🤖 AI Summary
Existing formal methods struggle to verify the privacy guarantees of modern differential privacy libraries that employ complex programming patterns such as higher-order functions, local state, and interactive algorithms. This work proposes a probabilistic higher-order separation logic that, for the first time, incorporates first-class support for privacy budgets within separation logic, treating them as composable resources to enable modular reasoning. Implemented in the Rocq proof assistant, the logic successfully verifies differential privacy programs featuring higher-order combinators, caching, and interactive mechanisms. Furthermore, the authors construct a formally verified library of mechanisms, including the online sparse vector technique and privacy filters inspired by OpenDP, thereby enabling end-to-end verification of client programs.
📝 Abstract
Differential privacy is the standard method for privacy-preserving data analysis. The importance of having strong guarantees on the reliability of implementations of differentially private algorithms is widely recognized and has sparked fruitful research on formal methods. However, the design patterns and language features used in modern DP libraries as well as the classes of guarantees that the library designers wish to establish often fall outside of the scope of previous verification approaches.

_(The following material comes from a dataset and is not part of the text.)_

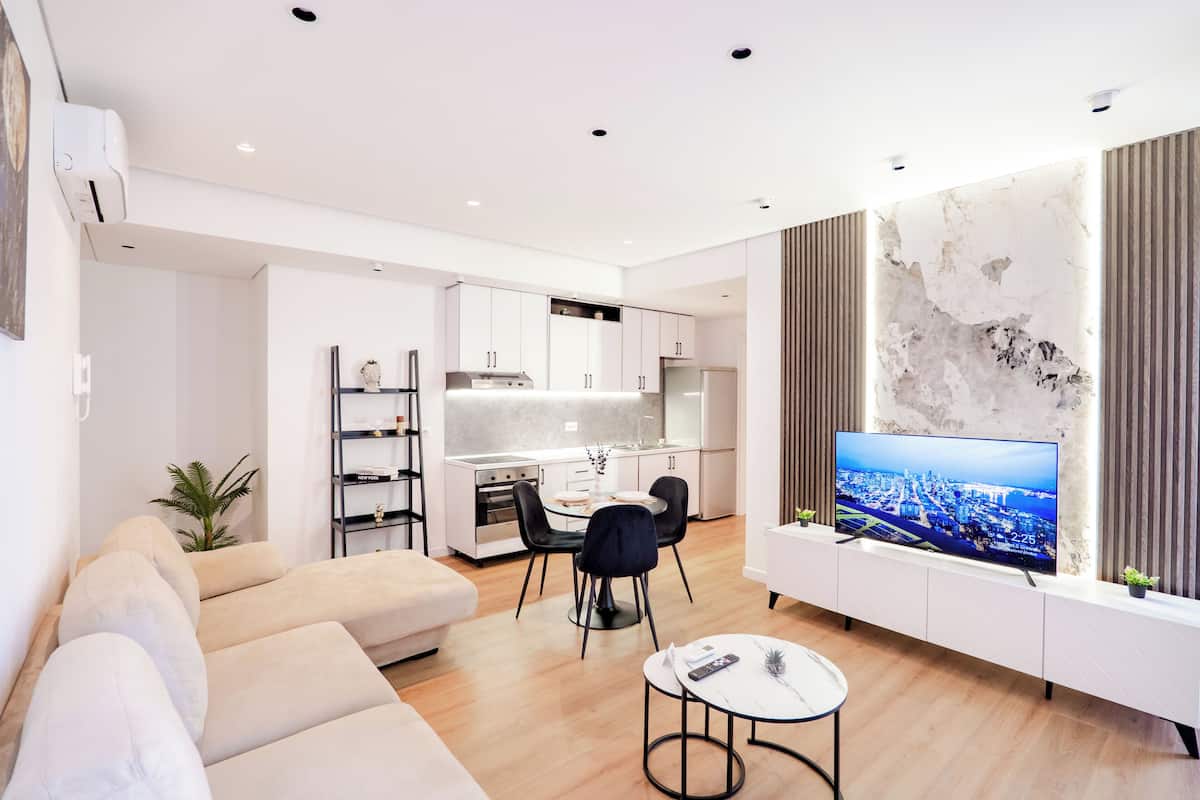 Un salon moderne avec un canapé, une table à manger et des chaises, un téléviseur fixé au mur et une cuisine en arrière-plan.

We introduce a program logic suitable for verifying differentially private implementations written in complex, general-purpose programming languages. Our logic has first-class support for reasoning about privacy budgets as a separation logic resource. The expressiveness of the logic and the target language allow our approach to handle common programming patterns used in the implementation of libraries for differential privacy, such as privacy filters and caching. While previous work has focused on developing guarantees for programs written in domain-specific languages or for privacy mechanisms in isolation, our logic can reason modularly about primitives, higher-order combinators, and interactive algorithms.

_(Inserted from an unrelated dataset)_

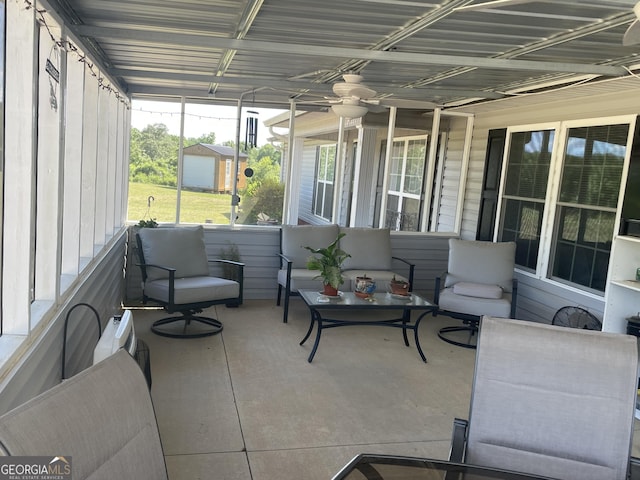 659 Voyles Rd, Carnesville, GA 30521 - sunroom with outdoor lounge area, healthy amount of natural light, and ceiling fan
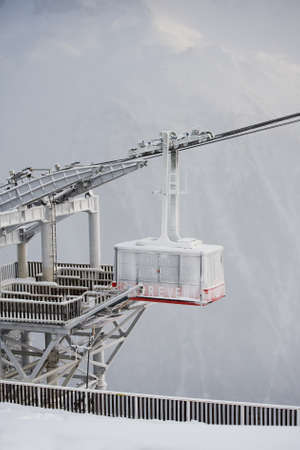 Frozen red funcular cabin arrieved to the end station covered with snow, Alps, Franceのeditorial素材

We demonstrate the applicability of our approach by implementing a verified library of differential privacy mechanisms, including an online version of the Sparse Vector Technique, as well as a privacy filter inspired by the popular Python library OpenDP, which crucially relies on our ability to handle the combination of randomization, local state, and higher-order functions. We demonstrate that our specifications are general and reusable by instantiating them to verify clients of our library. All of our results have been foundationally verified in the Rocq Prover.